Dass er mit derlei runden Anlässen nicht viel anfangen kann, hat Otto mit dem Darsteller Florian Martens gemein – wie überhaupt so einiges, wie der gebürtige Ost-Berliner im großen Interview verrät. Im Gespräch blickt der 66-jährige Schauspieler zurück auf die holprigen Anfänge in einer Kneipe, auf den schmerzhaften Verlust seiner ehemaligen "Ein starkes Team"-Partnerin Maja Maranow und auf die nicht immer einfachen Veränderungen, mit denen sich die Krimireihe an den Zeitgeist anpasste.
"Die Figur ist mir natürlich auf den Leib geschrieben"
prisma: Herr Martens, Glückwunsch zu 100 Folgen "Ein starkes Team"! Sind Ihnen solche Jubiläen persönlich eigentlich wichtig?
Florian Martens: Nee, überhaupt nicht.
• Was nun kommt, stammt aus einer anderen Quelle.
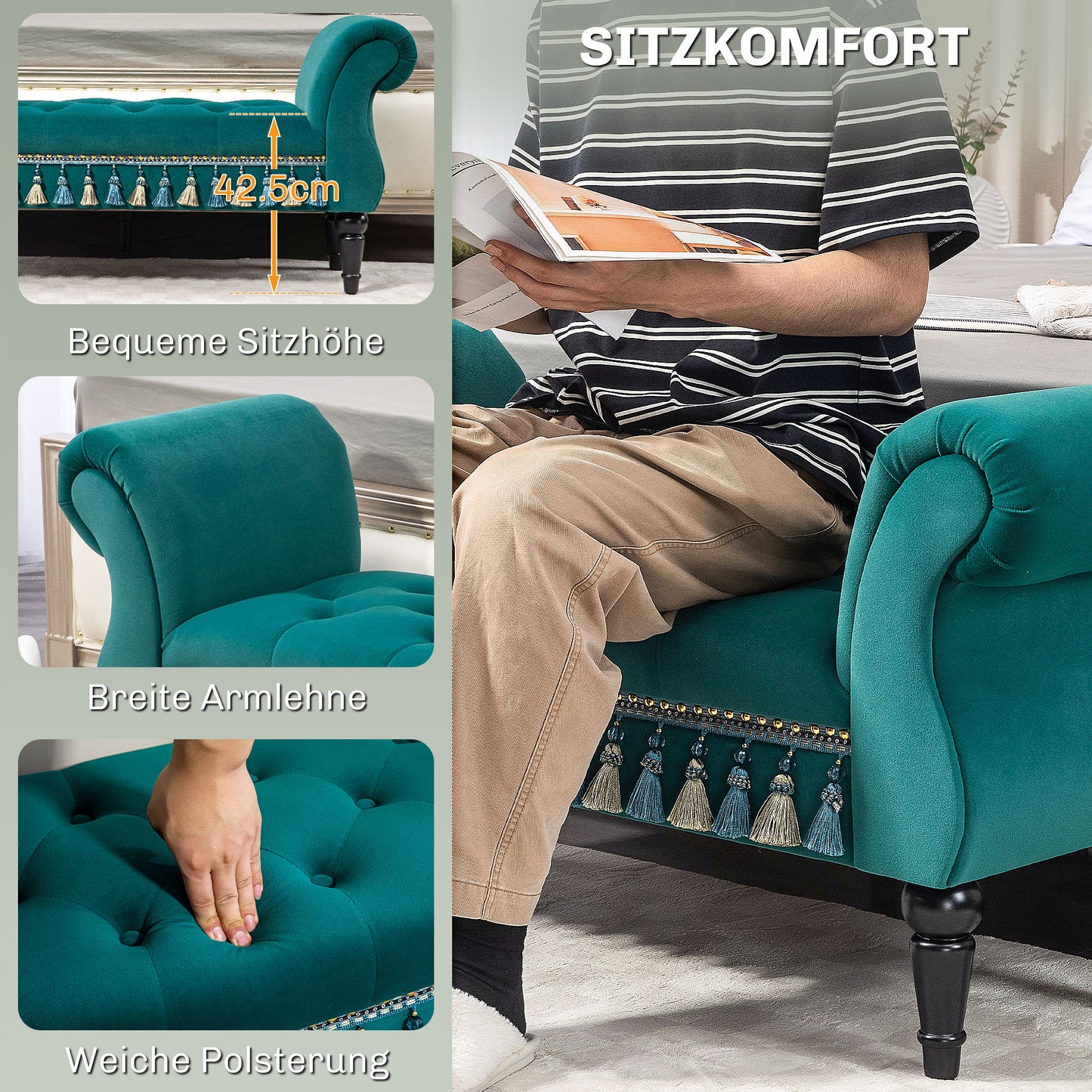 HOMCOM Polsterbank, Sitzbank, Vintage-Design, bis 150 kg, 117x40x58 cm, Grün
Ich zähl auch nicht mit. Natürlich sehe ich die Zahl da stehen, aber das ist völlig irrelevant.
prisma: Und wenn nun in der Jubiläumsfolge auf Ottos "30-jähriges" Dienstjubiläum angestoßen wird – denken Sie da nicht an die vielen Jahre, die Sie mit der Rolle schon verbringen?
Martens: Das Gefühl hab' ich schon länger – es geht wirklich schon sehr lang. Das bekomme ich ja auch mit.
prisma: Ist es die Rolle Ihres Lebens?
Martens: Solche Begriffe nutze ich eigentlich gar nicht. Aber sicher, es ist eine der Rollen meines Lebens. Die Figur ist mir natürlich auf den Leib geschrieben.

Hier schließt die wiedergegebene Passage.